As stated in Lincoln Street Ry. Co. v. Cox, 48 Neb. 807, 67 N.W. 740: "A master does not insure his servants against defective appliances. He is not chargeable in all events because the appliances furnished his employees are defective. He is liable only when he has been negligent in the matter. The rule is that as to his servants he is bound to use such care as the circumstances reasonably demand, to see that the appliances furnished are reasonably safe for use, and that they are afterwards maintained in such reasonably safe condition. He is not liable for defects of which he has no notice, unless the exercise of ordinary care would have resulted in notice. Sioux City P. R. Co. v.

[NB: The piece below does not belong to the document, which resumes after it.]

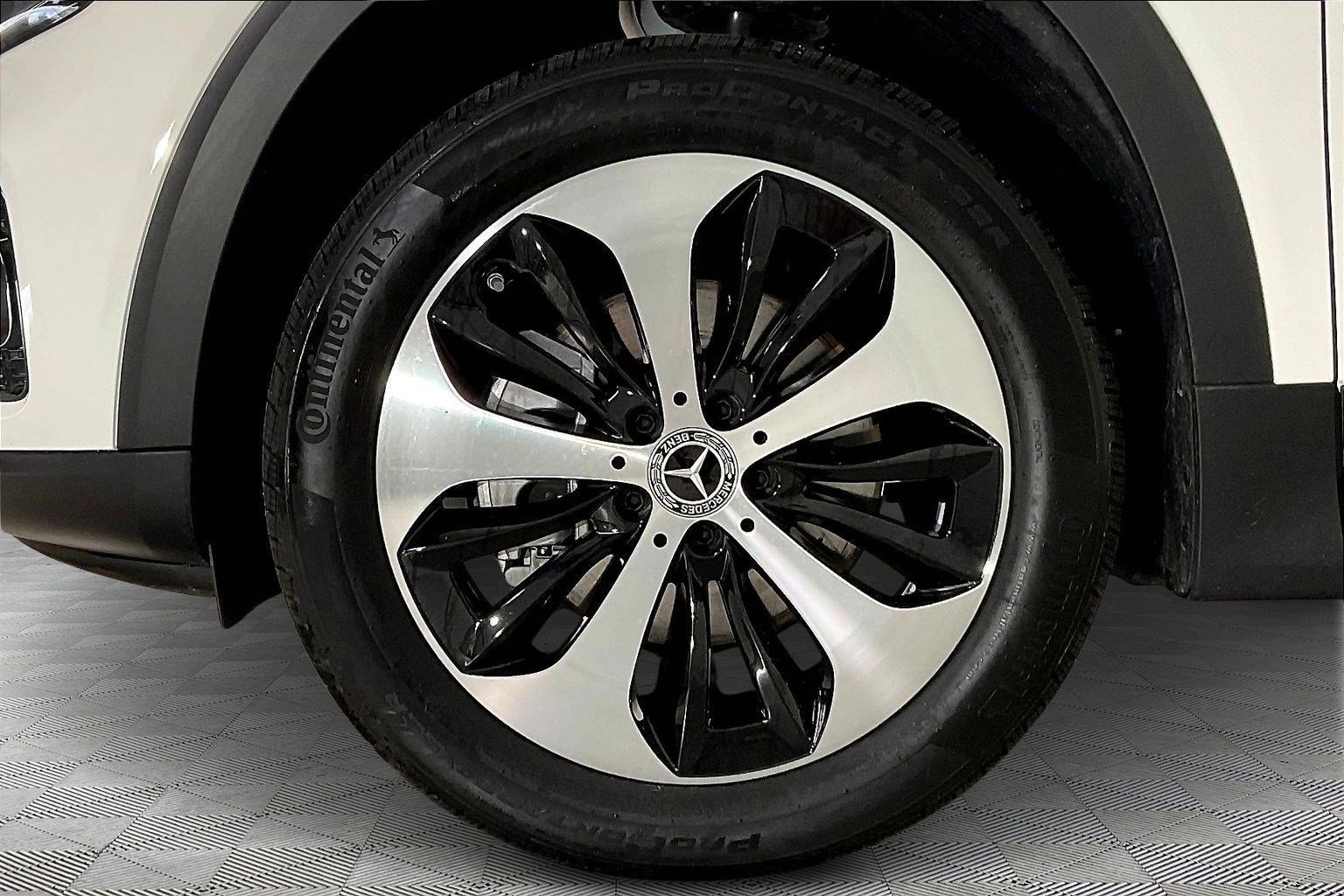 Certified 2026 Mercedes-Benz GLB 250 4MATIC image 34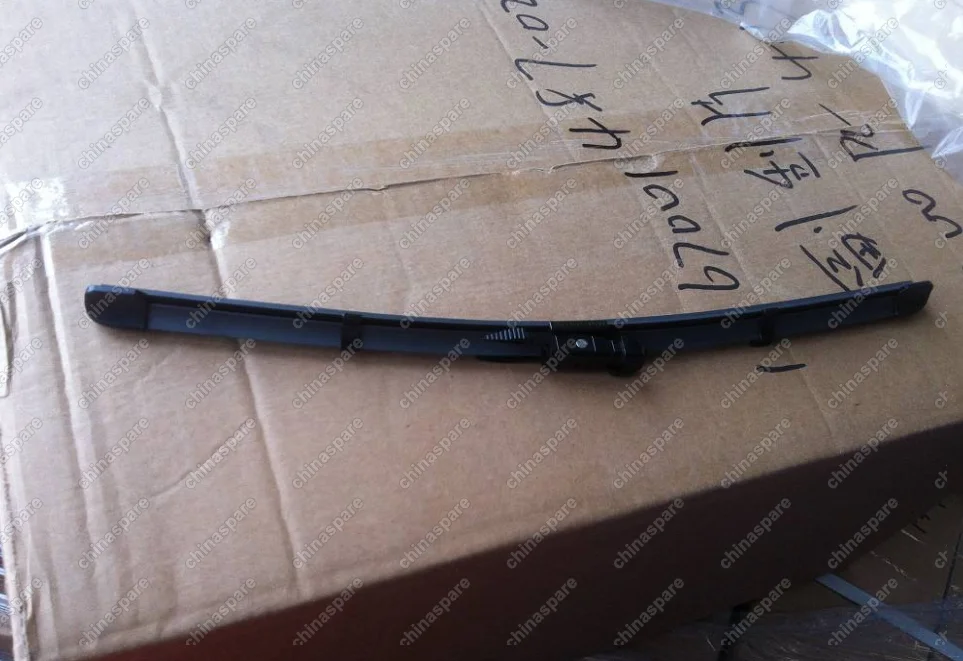 Щетка стеклоочистителя правая Geely Emgrand EC7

Finlayson, 16 Neb. 578, Missouri P. R. Co. v. Lewis, supra, Union P. R. Co. v. Broderick, 30 Neb. 735, all recognize this rule."

In Central Granaries Co. v. Ault, 75 Neb. 249, 106 N.W. 418, on motion for rehearing at page 255, 107 N.W. 1015, it was said: "The rule undoubtedly is that the master is not liable for furnishing dangerous machinery and appliances for the use of his servant, for all machinery is more or less dangerous. Employers are not insurers. They are liable for consequences, not of danger, but of negligence, and the unbending test of negligence in methods, machinery and appliances is the ordinary usage of the business." See, also, Phillips v. Chicago, B. Q. R. R. Co., 119 Neb. 182, 227 N.W. 931.

As stated in 56 C.J.S., Master and Servant, 171, p. 841: "Where the relation of master and servant exists, the master is liable to the servant for personal injuries sustained by him which have been incurred while he is within the course and scope of his employment, by reason of the master's negligence, except in so far as the common-law rules have been modified or affected by statute, discussed infra 173, or by the application of the doctrines of assumed risk, infra, 357-420, contributory negligence, infra, 421-488, and of fellow servants, infra 321-356."

In 56 C.J.S., Master and Servant, 382, p. 1189, citing Nebraska cases, it is said: "Except in so far as modified or abrogated by statute, as considered infra 383, and in the absence of a contract to the contrary, as a general rule, where the servant has actual knowledge of the dangers to which the service exposes him or where the defects or dangers are so patent and obvious that in the exercise of ordinary care, in the performance of the services for which he was employed, he should have known of their existence, he assumes the risk of injury incident to their existence."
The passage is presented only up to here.